Former Sen. Daniel Akaka gives keynote address at CEMA’s invitational breakfast at the APA convention

The theme of the event was “Health Disparities and the Impact of Health Reform on Native Hawaiian Populations.”

By Stefanie Reeves, MA

The APA Committee on Ethnic Minority Affairs (CEMA) invitational breakfast at the APA convention highlights issues of importance to psychologists of color and ethnic minority communities. This year’s theme was "Health Disparities and the Impact of Health Reform on Native Hawaiian Populations." With Honolulu as the host city of the APA convention, it was only fitting to use this venue to discuss the needs of this important population. 
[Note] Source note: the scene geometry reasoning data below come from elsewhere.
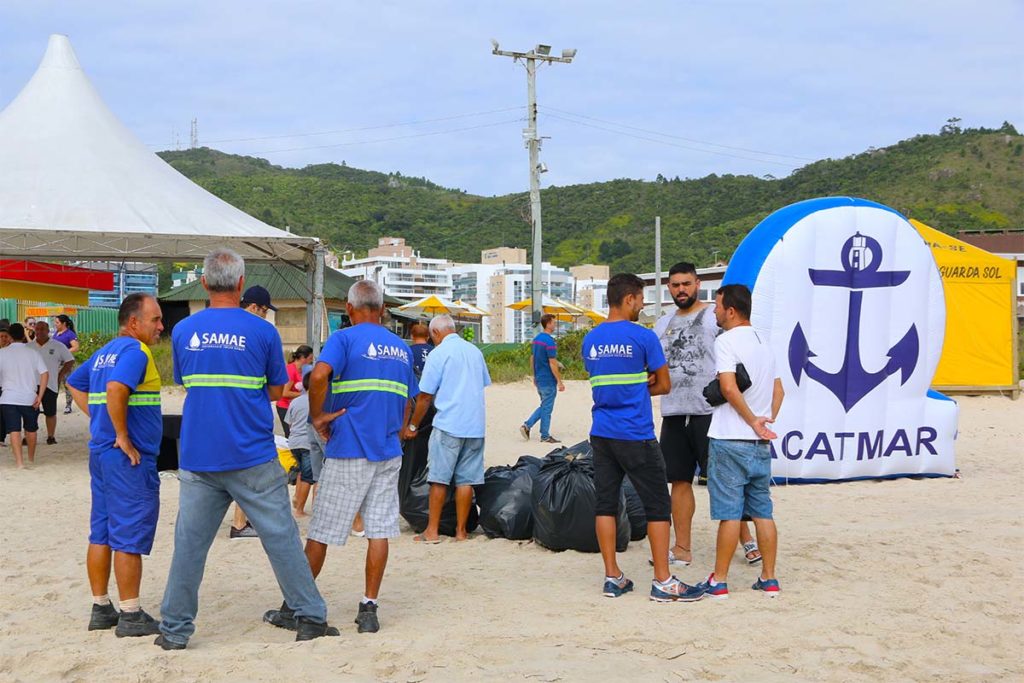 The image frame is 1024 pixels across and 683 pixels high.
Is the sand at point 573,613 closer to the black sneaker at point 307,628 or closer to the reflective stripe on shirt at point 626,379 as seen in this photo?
the black sneaker at point 307,628

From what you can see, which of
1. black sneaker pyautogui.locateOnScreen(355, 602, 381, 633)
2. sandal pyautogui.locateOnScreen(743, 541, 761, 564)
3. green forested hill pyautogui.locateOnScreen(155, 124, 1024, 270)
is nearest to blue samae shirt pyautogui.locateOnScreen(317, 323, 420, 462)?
black sneaker pyautogui.locateOnScreen(355, 602, 381, 633)

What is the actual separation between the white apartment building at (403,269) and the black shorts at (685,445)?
8275 centimetres

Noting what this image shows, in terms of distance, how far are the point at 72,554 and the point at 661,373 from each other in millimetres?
4090

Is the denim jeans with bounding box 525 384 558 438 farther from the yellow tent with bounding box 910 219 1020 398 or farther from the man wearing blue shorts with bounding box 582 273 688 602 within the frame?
the yellow tent with bounding box 910 219 1020 398

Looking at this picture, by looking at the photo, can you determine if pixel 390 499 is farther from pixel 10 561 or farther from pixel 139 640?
pixel 10 561

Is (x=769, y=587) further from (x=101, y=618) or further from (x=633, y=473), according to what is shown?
(x=101, y=618)

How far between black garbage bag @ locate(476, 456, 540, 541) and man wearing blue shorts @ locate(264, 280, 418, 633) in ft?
7.00

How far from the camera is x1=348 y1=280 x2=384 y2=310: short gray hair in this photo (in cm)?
485

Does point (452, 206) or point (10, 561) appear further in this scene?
point (452, 206)

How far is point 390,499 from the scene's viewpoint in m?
4.70

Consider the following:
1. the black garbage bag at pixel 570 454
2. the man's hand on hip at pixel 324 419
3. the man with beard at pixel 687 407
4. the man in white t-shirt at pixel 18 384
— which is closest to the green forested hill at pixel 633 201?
A: the man in white t-shirt at pixel 18 384

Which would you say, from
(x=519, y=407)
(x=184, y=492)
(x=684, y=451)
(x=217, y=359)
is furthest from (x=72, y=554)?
(x=519, y=407)

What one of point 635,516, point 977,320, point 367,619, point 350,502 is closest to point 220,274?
point 350,502

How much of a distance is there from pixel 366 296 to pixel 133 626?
1885 mm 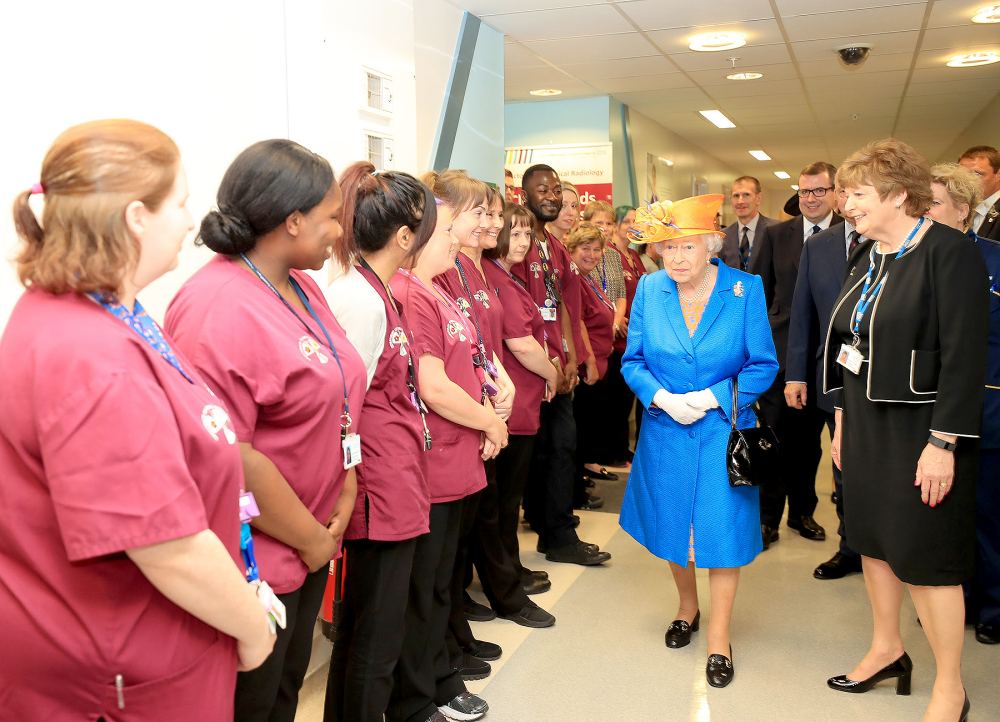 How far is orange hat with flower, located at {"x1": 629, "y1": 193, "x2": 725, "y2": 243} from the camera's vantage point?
311 cm

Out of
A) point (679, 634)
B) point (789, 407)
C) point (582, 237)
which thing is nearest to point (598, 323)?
point (582, 237)

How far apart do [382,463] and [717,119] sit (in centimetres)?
831

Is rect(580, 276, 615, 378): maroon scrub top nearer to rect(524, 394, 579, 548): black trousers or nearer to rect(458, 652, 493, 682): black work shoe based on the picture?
rect(524, 394, 579, 548): black trousers

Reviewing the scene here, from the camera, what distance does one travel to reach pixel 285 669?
1.81 meters

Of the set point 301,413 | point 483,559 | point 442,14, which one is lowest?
point 483,559

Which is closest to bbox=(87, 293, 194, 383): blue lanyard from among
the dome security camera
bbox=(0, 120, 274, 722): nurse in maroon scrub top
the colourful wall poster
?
bbox=(0, 120, 274, 722): nurse in maroon scrub top

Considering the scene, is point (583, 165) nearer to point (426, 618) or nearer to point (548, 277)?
point (548, 277)

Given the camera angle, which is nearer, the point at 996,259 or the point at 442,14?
the point at 996,259

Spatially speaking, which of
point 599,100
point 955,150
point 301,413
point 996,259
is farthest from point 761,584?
point 955,150

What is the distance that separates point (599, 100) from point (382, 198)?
607 centimetres

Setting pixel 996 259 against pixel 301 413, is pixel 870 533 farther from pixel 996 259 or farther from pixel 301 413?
pixel 301 413

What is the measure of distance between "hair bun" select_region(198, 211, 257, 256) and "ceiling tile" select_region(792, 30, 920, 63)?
5142 millimetres

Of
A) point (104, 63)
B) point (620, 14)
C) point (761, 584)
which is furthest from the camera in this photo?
point (620, 14)

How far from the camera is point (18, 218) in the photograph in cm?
118
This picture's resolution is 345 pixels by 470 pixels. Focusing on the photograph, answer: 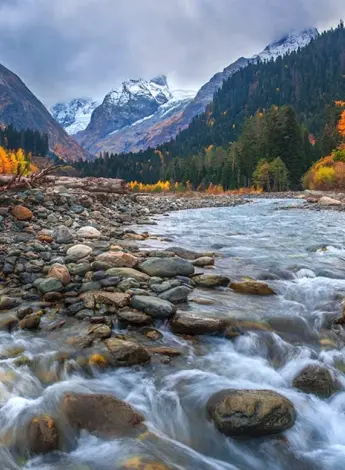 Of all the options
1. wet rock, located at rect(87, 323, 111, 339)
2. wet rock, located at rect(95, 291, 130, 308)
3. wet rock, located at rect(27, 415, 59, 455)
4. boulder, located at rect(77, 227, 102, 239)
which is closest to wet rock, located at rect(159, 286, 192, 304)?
wet rock, located at rect(95, 291, 130, 308)

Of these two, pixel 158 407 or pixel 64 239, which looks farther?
pixel 64 239

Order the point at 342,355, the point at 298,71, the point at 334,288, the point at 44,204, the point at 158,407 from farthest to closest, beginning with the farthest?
1. the point at 298,71
2. the point at 44,204
3. the point at 334,288
4. the point at 342,355
5. the point at 158,407

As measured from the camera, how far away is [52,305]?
6.81m

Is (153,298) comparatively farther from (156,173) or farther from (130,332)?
(156,173)

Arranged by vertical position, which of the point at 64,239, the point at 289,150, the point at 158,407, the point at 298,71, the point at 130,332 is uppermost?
the point at 298,71

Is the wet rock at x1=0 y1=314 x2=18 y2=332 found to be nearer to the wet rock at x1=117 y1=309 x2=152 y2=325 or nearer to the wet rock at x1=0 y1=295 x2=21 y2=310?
the wet rock at x1=0 y1=295 x2=21 y2=310

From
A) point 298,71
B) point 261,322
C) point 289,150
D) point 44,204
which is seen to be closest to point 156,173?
point 289,150

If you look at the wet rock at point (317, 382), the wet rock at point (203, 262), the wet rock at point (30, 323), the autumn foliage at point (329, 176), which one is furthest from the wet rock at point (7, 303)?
the autumn foliage at point (329, 176)

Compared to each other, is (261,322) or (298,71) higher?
(298,71)

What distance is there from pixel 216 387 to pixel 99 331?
6.21 feet

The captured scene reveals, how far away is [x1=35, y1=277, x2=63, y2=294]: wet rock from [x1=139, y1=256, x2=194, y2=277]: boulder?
1.97 metres

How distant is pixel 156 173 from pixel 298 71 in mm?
98644

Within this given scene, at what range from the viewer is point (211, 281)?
8500 mm

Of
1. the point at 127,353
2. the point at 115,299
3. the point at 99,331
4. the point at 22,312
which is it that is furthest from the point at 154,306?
the point at 22,312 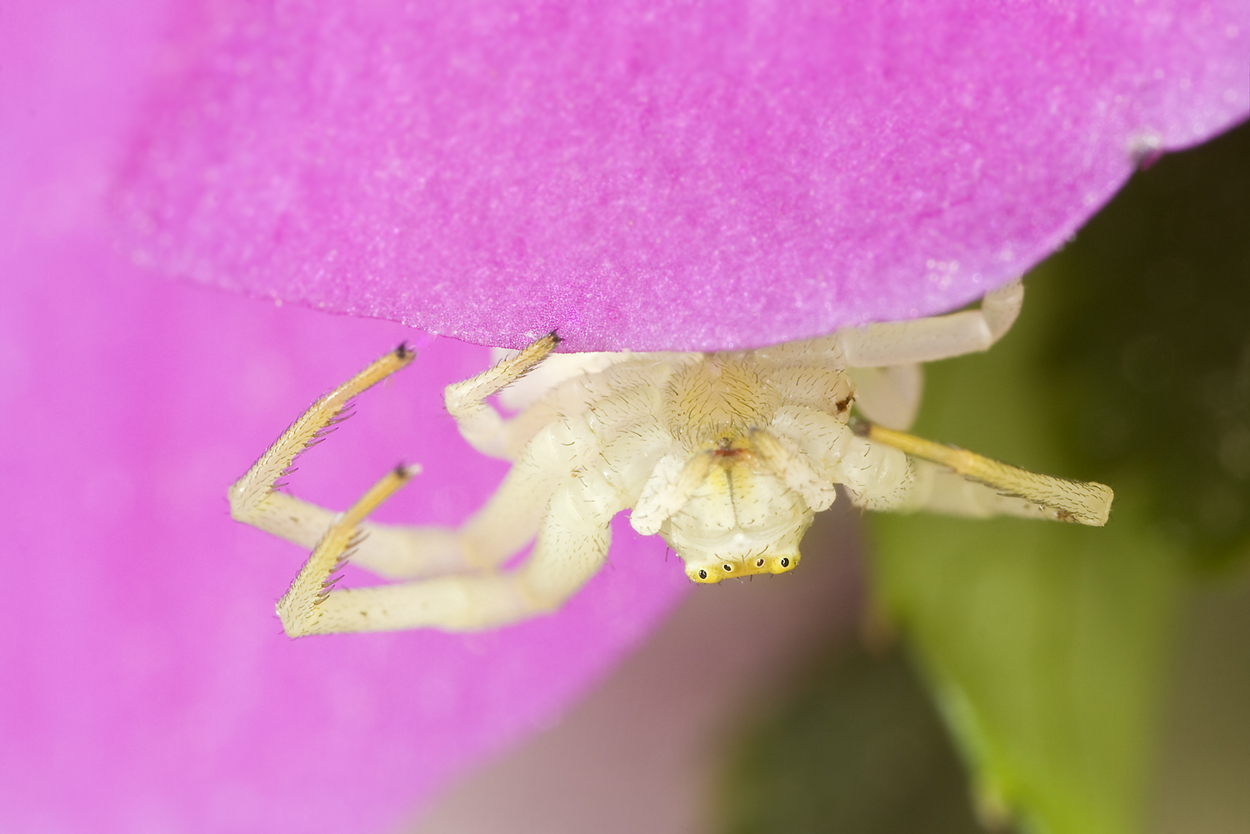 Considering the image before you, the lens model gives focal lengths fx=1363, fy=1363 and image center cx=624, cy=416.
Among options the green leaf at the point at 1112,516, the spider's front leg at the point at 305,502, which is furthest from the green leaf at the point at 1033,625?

The event began with remarks from CEMA’s Chair-Elect Muninder Ahluwalia, PhD, who described the different ways APA is addressing health disparities in general, and for CEMA, ethnic/racial health disparities in particular. Her remarks were followed by Stefanie Reeves with the Public Interest Government Relations Office (PI-GRO) who gave a brief legislative update. Topics included an update on funding for the Minority Fellowship Program, immigration reform and reintroduction of legislation to address ethnic and racial health disparities in the 113th Congress. 

This year’s keynote speaker for the CEMA breakfast was former United States Sen. Daniel Kahikina Akaka, D-Hawai’i, who represented the Aloha State for over 35 years in the halls of congress. Senator Akaka, who retired this past January, focused his remarks on his extensive and distinguished work in the U.S. House of Representatives (1977-1990) and later the U.S. Senate (1990–2013) to address the needs of underserved populations. Notable among his many achievements, Senator Akaka, along with the late Senator Daniel Inouye, D-Hawai’i, sponsored a Health Equity and Accountability Act of 2012 (S. 2472) to address ethnic minority health disparities including provisions focused on the needs of the Native Hawaiian populations such as directing additional resources towards chronic disease management and access to mental health services. Akaka stated his hope that the Senate, in his absence, will continue his work of addressing health disparities issues facing many underserved communities in the United States. 

Following the Senator’s remarks, Josephine D. Johnson, PhD, of the APA Board of Directors presented him with a Presidential citation in recognition of his work on mental health and health disparities throughout his congressional career. 

“This is quite an honor to receive an award like this, and I’ll cherish it,” said Akaka. “I look back and I’m so happy and I thank god for helping me and giving me the opportunity I had to help others. And that’s very fulfilling. Thank you for being another fulfillment in my life.”

Retirement hasn’t slowed down Sen. Akaka, as he approaches his 90th birthday; he remains active in his home state with speaking engagements and time with family and friends.